1. This and the connected appeal arise out of suits for arrears of rent brought by the zemindar against his lessee. The defence was that there had been a prior suit by the plaintiff against the same defendants for rent and that the present rent had then become due and might have been claimed, and that, consequently, a second suit was barred by Order II, Rule 2 of the Code of Civil Procedure. The plaintiff meets this plea by contending that he could not have claimed the rent now sued for in the previous suit because there had been a suspension of revenue and a corresponding suspension of rent under the provisions of Section 51 of the Tenancy Act. It has been contended here that it is only tenants in actual occupation whose rents can be affected by the provisions of Section 51. In our opinion, this contention is not sound. In the ordinary course of events, if the Government suspended the payment of revenue, the Collector would make the corresponding order suspending the payment of the rents of tenants holding land immediately or mediately from the proprietor. If the order, which admittedly was made in the present case, was made in this form, the plaintiff could not have included the rent now sued for in his previous suit. It is not pretended that this rent has been paid nor has it been shown that the order of suspension of the rent of tenants was confined to tenants who actually cultivated. It was upon the ground that the suspensions in that case only apply to tenants who were actually cultivating that the unreported case Second Appeal No. 55 of 1908 was decided, of which merely a short note is given in Shiam Lal v. Makhan Lal 6 A.L.J. 107 Short notes.

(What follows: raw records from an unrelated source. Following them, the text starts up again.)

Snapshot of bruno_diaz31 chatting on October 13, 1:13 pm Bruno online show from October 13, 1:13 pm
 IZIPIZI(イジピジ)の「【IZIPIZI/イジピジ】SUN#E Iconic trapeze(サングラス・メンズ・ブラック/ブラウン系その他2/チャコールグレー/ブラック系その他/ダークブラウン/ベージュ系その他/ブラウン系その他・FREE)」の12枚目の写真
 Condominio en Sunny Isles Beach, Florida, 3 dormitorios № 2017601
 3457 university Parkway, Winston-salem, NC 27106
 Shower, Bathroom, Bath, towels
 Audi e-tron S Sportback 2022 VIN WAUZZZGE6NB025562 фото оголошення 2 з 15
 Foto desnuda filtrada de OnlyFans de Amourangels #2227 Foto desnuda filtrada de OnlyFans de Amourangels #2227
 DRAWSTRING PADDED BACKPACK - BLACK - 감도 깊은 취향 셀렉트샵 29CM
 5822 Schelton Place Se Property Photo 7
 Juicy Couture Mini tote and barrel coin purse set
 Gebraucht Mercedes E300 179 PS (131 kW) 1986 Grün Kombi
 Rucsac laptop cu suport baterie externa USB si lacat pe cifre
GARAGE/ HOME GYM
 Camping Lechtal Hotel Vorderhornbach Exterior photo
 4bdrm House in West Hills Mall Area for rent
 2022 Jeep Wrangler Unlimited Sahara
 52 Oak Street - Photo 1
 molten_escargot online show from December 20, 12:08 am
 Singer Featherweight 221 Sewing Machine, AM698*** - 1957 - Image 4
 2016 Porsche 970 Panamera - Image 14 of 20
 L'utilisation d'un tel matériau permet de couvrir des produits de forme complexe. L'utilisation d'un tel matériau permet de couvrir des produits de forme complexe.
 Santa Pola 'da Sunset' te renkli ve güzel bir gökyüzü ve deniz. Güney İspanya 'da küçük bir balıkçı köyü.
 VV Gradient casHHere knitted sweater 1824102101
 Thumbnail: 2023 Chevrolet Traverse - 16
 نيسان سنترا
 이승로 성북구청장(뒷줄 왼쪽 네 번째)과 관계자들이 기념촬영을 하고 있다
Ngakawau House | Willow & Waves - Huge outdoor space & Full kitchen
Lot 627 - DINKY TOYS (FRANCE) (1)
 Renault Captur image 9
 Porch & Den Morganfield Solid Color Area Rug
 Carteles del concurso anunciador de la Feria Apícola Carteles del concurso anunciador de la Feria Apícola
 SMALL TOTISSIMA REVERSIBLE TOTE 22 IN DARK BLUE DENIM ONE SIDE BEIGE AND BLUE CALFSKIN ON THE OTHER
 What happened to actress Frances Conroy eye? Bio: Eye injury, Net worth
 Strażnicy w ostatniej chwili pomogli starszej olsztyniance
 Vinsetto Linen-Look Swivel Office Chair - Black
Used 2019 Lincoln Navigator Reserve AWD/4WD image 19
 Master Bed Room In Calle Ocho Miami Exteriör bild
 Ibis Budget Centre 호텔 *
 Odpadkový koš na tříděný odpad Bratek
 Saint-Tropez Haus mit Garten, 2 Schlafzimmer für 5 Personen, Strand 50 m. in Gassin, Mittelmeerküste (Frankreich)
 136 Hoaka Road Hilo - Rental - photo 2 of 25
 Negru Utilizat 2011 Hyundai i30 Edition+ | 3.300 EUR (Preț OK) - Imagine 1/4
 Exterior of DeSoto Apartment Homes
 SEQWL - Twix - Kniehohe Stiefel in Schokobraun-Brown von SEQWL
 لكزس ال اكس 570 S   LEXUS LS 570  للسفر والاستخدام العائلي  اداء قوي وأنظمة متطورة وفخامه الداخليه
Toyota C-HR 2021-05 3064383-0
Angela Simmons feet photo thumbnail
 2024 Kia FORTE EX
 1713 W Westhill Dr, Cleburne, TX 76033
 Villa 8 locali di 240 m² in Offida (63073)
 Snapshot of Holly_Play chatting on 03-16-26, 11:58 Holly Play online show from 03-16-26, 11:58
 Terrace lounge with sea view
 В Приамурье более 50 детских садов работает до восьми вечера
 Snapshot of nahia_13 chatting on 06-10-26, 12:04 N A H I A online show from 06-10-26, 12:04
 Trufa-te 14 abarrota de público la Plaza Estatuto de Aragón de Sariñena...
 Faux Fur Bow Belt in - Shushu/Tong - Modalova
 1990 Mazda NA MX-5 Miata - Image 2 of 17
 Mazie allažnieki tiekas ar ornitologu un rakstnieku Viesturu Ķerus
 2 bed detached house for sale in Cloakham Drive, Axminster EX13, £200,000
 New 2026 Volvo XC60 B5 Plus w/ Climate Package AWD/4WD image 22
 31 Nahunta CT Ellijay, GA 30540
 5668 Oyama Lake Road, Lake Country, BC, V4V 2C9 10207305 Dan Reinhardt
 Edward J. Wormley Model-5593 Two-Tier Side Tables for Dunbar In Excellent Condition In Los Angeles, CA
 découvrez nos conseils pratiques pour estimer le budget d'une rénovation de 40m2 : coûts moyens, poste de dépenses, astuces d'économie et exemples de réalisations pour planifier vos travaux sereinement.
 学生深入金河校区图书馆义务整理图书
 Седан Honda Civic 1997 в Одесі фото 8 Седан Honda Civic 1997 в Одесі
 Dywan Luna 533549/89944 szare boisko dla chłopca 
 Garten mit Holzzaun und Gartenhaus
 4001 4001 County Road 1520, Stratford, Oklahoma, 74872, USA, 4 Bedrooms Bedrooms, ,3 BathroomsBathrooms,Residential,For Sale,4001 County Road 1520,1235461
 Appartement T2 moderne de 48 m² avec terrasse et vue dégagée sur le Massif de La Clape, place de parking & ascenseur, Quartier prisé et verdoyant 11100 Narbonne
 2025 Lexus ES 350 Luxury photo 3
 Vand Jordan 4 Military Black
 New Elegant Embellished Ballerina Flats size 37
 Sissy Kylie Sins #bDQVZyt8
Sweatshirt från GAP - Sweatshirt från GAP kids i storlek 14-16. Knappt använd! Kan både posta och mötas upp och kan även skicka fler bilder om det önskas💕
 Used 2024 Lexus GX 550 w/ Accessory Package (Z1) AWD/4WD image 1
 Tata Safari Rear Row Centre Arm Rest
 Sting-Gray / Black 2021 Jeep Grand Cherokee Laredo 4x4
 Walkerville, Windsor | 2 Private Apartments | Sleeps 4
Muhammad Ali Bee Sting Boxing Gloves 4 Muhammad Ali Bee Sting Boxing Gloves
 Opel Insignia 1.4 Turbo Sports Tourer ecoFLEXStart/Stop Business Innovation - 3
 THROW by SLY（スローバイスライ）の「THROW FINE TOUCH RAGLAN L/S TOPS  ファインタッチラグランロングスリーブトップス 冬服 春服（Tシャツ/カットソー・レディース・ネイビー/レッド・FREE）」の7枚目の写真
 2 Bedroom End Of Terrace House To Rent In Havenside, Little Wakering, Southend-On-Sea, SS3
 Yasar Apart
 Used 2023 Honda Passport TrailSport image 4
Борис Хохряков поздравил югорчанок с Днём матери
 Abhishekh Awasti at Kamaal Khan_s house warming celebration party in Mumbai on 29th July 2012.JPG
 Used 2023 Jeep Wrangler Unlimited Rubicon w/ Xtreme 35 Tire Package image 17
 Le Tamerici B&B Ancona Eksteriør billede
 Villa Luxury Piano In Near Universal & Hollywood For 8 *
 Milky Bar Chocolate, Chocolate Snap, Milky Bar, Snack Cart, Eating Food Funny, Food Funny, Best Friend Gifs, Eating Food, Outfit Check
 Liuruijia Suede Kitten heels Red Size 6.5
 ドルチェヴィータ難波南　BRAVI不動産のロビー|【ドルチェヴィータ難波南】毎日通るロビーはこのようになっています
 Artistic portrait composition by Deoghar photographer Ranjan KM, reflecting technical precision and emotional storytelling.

2. It is next contended that the plaintiff cannot succeed in recovering rent which was actually remitted. We find, upon looking at the grounds of appeal in the lower Appellate Court, that no such question was raised, and the judgment of the learned District Judge is also quite silent on the subject. It is impossible, therefore, for us to entertain a matter which was never urged in the Court below.

3. We, accordingly, dismiss the appeal with costs including in this Court fees on the higher scale.